Licence To Chill? Not Yet, Prime Minister
What kind of man is David Cameron? It is strange to be asking this question of someone who has been leader of the Tory party for 10 years, Prime Minister for more than five, and about whom there exists a colossal amount of information.
That vast corpus has just been enriched by the publication of two hefty books about him: Call Me Dave, by Michael Ashcroft and Isabel Oakeshott (Biteback, £20), which is a biography from cradle to the present; and Cameron At 10, by Anthony Seldon and Peter Snowden (William Collins, £20), a blow-by-blow account of Cameron’s first stint as Prime Minister. Both have many illuminating stories to tell about him, the product of impressively exhaustive research, but neither quite succeeds in turning the key that might open the door into the Prime Minister’s soul.
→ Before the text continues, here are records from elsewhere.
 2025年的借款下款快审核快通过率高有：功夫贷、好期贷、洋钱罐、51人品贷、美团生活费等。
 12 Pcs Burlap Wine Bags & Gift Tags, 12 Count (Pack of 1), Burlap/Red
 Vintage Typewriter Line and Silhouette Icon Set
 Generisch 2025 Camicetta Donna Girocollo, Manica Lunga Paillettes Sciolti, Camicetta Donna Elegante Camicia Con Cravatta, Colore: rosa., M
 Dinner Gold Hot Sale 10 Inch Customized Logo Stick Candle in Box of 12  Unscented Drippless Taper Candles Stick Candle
The Prime Minister: Don't chillax quite yet, Dave (illustration by Michael Daley)All the same, the effect of reading these books has been to shift my views a little. The charming and slippery ex-PR man without deep and abiding convictions may not have been supplanted, but more subtle and human touches have been added. I find I like and respect him more, and yet oddly my sense of foreboding about the future has increased.
Call Me Dave, despite having generated much vulgar mirth because of its anonymous and uncorroborated story about the young Cameron’s private parts and a pig’s head, turns out to be generally fair and balanced. Admittedly it is further disfigured by an ill-advised preface from Lord Ashcroft’s venomous pen in which he reveals his personal grievances against Cameron. But once the story gets under way, I assume for the most part in the less vengeful hands of Ms Oakeshott who is the acknowledged writer of the duo, one quickly forgets the motives that may have inspired the biography.
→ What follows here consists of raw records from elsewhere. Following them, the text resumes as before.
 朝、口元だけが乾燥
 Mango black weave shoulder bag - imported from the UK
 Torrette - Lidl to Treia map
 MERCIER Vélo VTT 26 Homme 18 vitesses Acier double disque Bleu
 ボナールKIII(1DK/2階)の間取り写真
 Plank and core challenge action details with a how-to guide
Most surprising to me was by the recurring suggestion in their book that au fond Cameron has a sweet and generous nature. Former school matrons, and friends and acquaintances from school and university, attest to it. Though a couple of journalists claim he bullied them when he was the PR supremo at Carlton Television in the late 1990s, there are very few stories which show him behaving in a low way, and many are to his credit. Which of us would fare as well if put under the Ashcroft/Oakeshott microscope?
It is true he is almost unthinkingly ambitious (at 14 he declared without having shown much interest in politics that he was going to be Prime Minister), and capable of ruthlessness. We saw how at Prime Minister’s Questions he loved to play Flashman to poor, heavy-footed Ed Miliband. But if he knows how to be shitty, he is not a shit. On the contrary, his nature is sunny and well-meaning. I even found myself reinterpreting some words of congratulation he had uttered after I had delivered a eulogy at a friend’s memorial service in 2007 at which he was present. He twice complimented me, which seemed excessive. I assumed then that he was trying to oil up to a journalist, but now I wonder whether he wasn’t going out of his way to be kind to a stranger, offering words of reassurance to someone plainly exhausted by making a testing speech that was probably not particularly good.